(STORED DATA):
____________

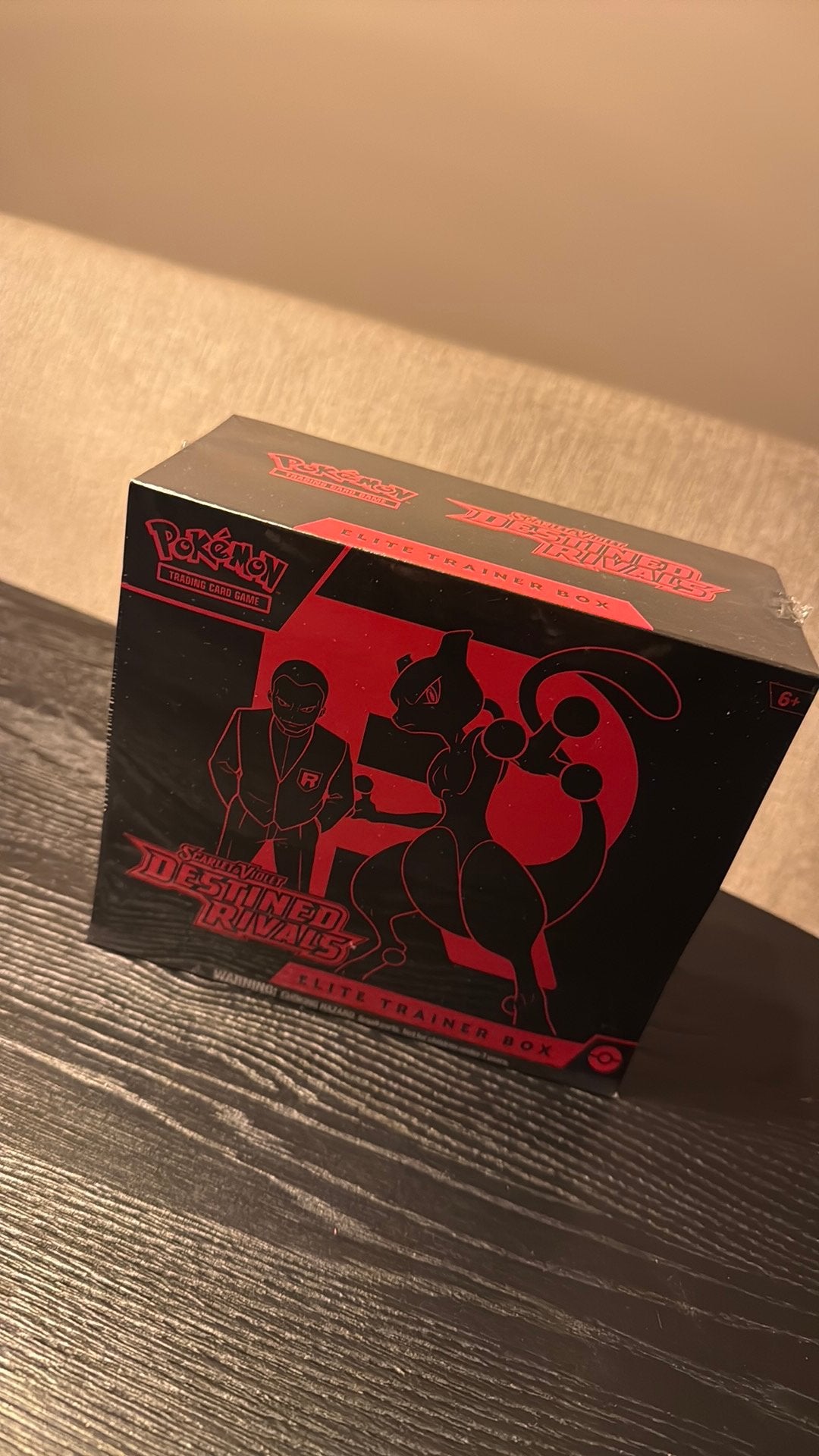 Destined rivals etb, Hobby en Vrije tijd, Ophalen, Zo goed als nieuw
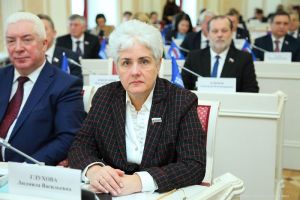 Глухова Людмила Васильевна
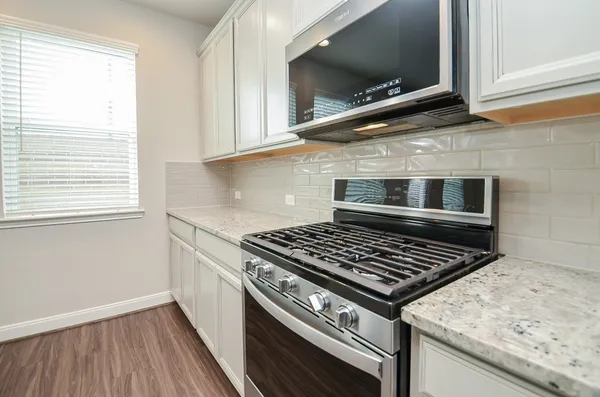 $2,550 | 9821 Prairie Garden Lane, Houston, TX 77080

____________

(WHAT IS NEEDED): Every line of the material must be returned verbatim, and pictures must be left behind.

(EXERCISE RESULT):
 Destined rivals etb, Hobby en Vrije tijd, Ophalen, Zo goed als nieuw
 Глухова Людмила Васильевна
 $2,550 | 9821 Prairie Garden Lane, Houston, TX 77080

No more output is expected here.